THE PROBLEM |
Each record must be copied in full and unchanged; any image it holds is excluded.

(SUPPLIED MATERIAL begins)

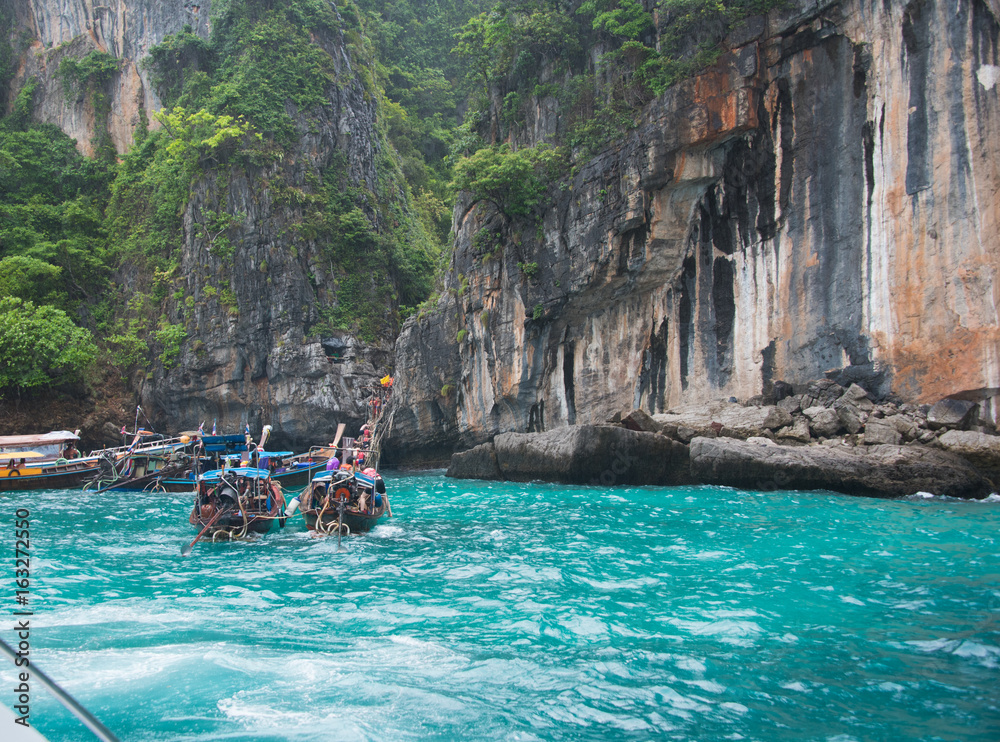 Long Tail Boats in PhiPhi Thailand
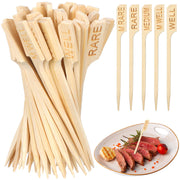 Thyle front pack of 200 bamboo steak markers showing quantity benefit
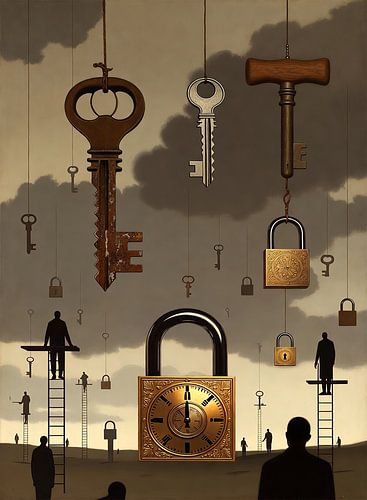 die Vorhängeschlösser der Zeit von Catherine Fortin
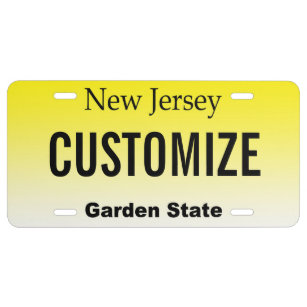 New-Jersey fertigte Eitelkeit besonders an US Nummernschild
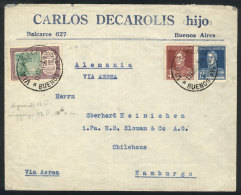 12/AP/1929 Buenos Aires - Germany: Airmail Cover Franked With 1.42P., VF Quality! - Sonstige & Ohne Zuordnung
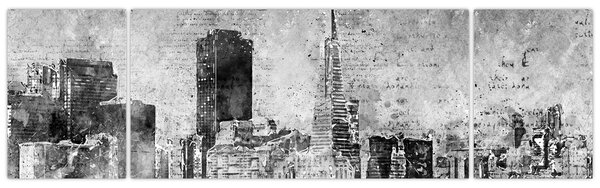 Obraz - Miasto sztuki kawowej (170x50 cm)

(SUPPLIED MATERIAL ends)

TASK OUTPUT |
 Long Tail Boats in PhiPhi Thailand
 Thyle front pack of 200 bamboo steak markers showing quantity benefit
 die Vorhängeschlösser der Zeit von Catherine Fortin
 New-Jersey fertigte Eitelkeit besonders an US Nummernschild
 12/AP/1929 Buenos Aires - Germany: Airmail Cover Franked With 1.42P., VF Quality! - Sonstige & Ohne Zuordnung
 Obraz - Miasto sztuki kawowej (170x50 cm)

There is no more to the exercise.